In publishing, he was marketing director of the Thomson Organisation for nine years, where he also became a deputy managing director. His influence was significant in pulling an old-fashioned conservative industry towards the appreciation and practice of marketing in newspapers and magazines, a benefit inherited by radio and television. He was the first to use the computer in a market research study. In 1988, he received the Market Research Society's rarely awarded gold medal. In 2004, he received the Advertising Association's prestigious Mackintosh Medal, awarded for outstanding personal and public service to the industry (in this case, only the third time in the previous fifteen years, and also in recognition of forty years as chairman of its Advertising Statistics Committee).

== Early life and education ==
Harry Henry was born in London on 11 March 1916, as the elder son of an accountant, who died in 1924. His mother brought up and provided for her two sons by working as a dressmaker. He attended two primary schools, one in Finchley and the other in Hackney and at the age of eleven was transferred to Upton House London County Council Central School, in Homerton. He obtained the London Matriculation with Honours, and was awarded a Wedgewood Scholarship to City of London College in 1932. In 1934, he was awarded a Bursary that enabled him to enter the London School of Economics (LSE), where he read Economics, with Statistics as a subsidiary subject.

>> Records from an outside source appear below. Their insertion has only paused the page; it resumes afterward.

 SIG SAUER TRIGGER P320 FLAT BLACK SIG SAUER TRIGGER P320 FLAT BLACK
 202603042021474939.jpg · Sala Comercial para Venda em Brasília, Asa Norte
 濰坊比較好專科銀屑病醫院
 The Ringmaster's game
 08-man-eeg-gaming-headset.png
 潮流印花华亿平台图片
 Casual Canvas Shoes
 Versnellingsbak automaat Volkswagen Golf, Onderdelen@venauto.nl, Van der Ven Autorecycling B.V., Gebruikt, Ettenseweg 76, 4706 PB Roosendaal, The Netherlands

==Early career and continued education==
In those days, the LSE had less than 3,000 students. Henry served as senior treasurer of the Students' Union, editor of the Clare Market Review, the union's official magazine (after having edited and largely written Felix, an extremely unofficial one), Chairman of the Social Committee, Chairman of the Literary Society, Business Manager of the Review of Economic Studies (an academic journal), and vice-chairman of the Labour Society.

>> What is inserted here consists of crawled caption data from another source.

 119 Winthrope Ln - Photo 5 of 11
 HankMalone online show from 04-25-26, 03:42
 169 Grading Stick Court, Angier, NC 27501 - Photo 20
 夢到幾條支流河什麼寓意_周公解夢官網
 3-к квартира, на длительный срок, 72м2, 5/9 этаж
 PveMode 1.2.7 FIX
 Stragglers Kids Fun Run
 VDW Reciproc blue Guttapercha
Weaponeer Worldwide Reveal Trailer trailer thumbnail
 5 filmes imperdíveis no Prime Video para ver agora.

Towards the end of this, he was involved in a libel action arising from an article he wrote in the University of London Union Magazine, pointing out that the gerrymandering involved in the election of the M.P. for London University gave control to the commercial correspondence colleges, whose interests were commercial rather than academic. Pressure from the judge (in chambers) led to a reluctant withdrawal, but there were no damages and he was convinced that Higher Authority had organised a cover-up.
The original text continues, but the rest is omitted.